- _Data excerpt_
- - -
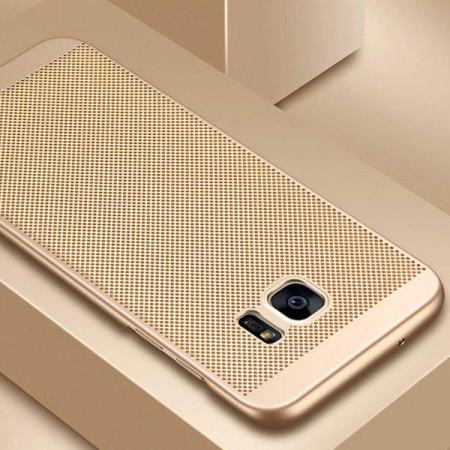 ตาข่าย Dissipating ความร้อนลายนิ้วมือทนยากพีซีแบบกันกระแทกสำหรับ Samsung Galaxy S7 ขอบทอง - นานาชาติ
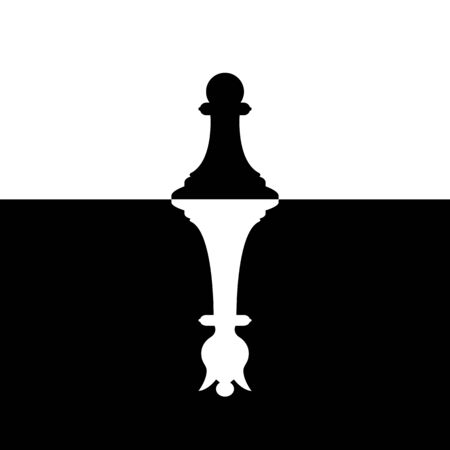 Pawns silhouette with queen ambition. Chess competition. Success business strategy. Vector illustrationのイラスト素材
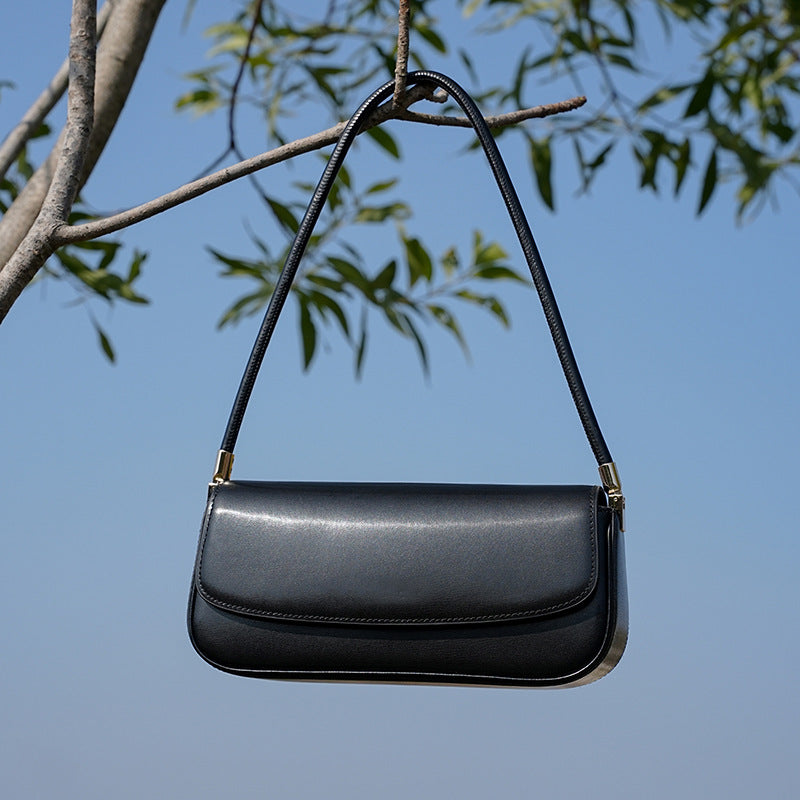 Baguette Bag in Vera Pelle Box Lucida - AYA BORSE 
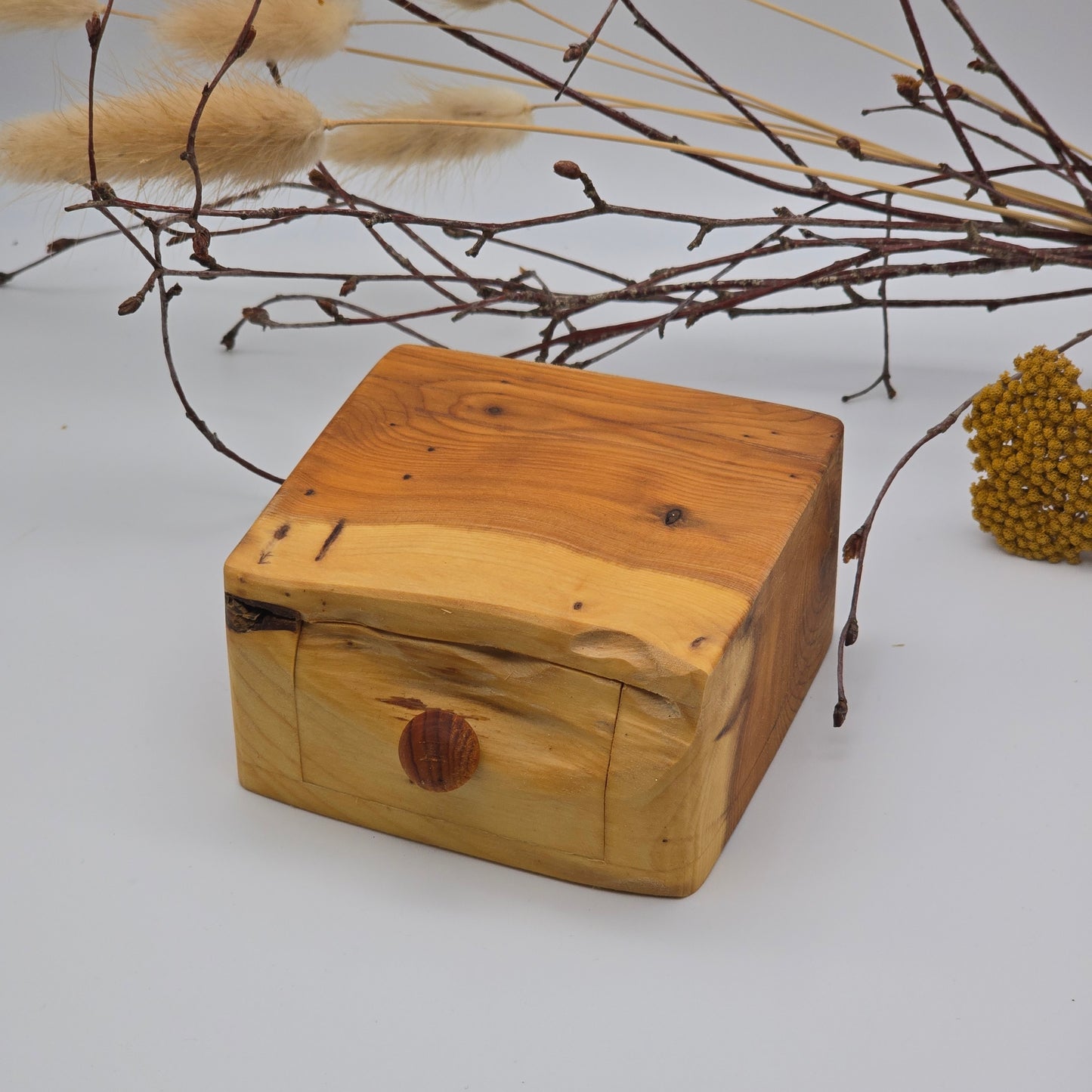 Natural edge wooden box - Yew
- - -
- _Task directions_
Write out all of the data above exactly, pictures excluded.

- _Output for this exercise_
 ตาข่าย Dissipating ความร้อนลายนิ้วมือทนยากพีซีแบบกันกระแทกสำหรับ Samsung Galaxy S7 ขอบทอง - นานาชาติ
 Pawns silhouette with queen ambition. Chess competition. Success business strategy. Vector illustrationのイラスト素材
 Baguette Bag in Vera Pelle Box Lucida - AYA BORSE 
 Natural edge wooden box - Yew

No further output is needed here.